Second, our service directs clients to nearby sources of data, without having to have the data routed through far away data centers. Chances are very very high that there are indeed nearby copies of the data that you seek. We recently had a Solstice Parade in Seattle where a few hundred people in body-paint (or not) biked through the streets. The interest in this video is concentrated in the Seattle geographical area. It would be criminally inefficient to take this video and replicate it on a server in Las Vegas, or for that matter, in Oregon and stream it from there. It's already on my disk, and everyone who is interested in it lives within 10 miles of me.
FlixQ will direct our clients to these nearby sources.
Finally, our service will direct clients to the nearest replicas, even when there are thousands of replicas scattered throughout the globe. Take a typical swarm for a highly popular item. There may be tens of thousands of nodes in the swarm. The standard BitTorrent protocol, which relies on randomized tit-for-tat exchanges, will go through, on average, half the nodes in the swarm before it discovers that your neighbor next door has a cached copy. This is because randomized exchanges, while simple to implement, are an incredibly inefficient way to do a directed search. In contrast, FlixQ's
coordinator directs our clients to the nearest nodes at the first point of contact. Our clients do not need to waste time probing half the nodes in order to locate the nearby peers.

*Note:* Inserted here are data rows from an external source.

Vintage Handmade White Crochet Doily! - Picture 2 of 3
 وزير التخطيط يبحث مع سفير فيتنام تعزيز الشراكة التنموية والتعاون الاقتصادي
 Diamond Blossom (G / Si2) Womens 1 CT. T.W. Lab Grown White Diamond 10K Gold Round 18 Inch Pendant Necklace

To be clear, location is not the only factor we take into account when selecting nodes to download data from. The SideCar will explore the network and continually try to find nodes from which it can download quickly, even if such nodes are far away. But our client starts off initially from a much better-informed starting position.
Overall, a peer-to-peer architecture enables our protocol to take advantage of replicas that are naturally scattered around the network, while the big boys like Hulu and YouTube have to pay to own and operate replicas all over the globe. Datacenters cost money, not only for the equipment, but also for power and cooling. We discussed earlier how this leads to these companies effectively
killing baby fish. In contrast, a peer-to-peer approach is cheaper, leaner, faster, and greener.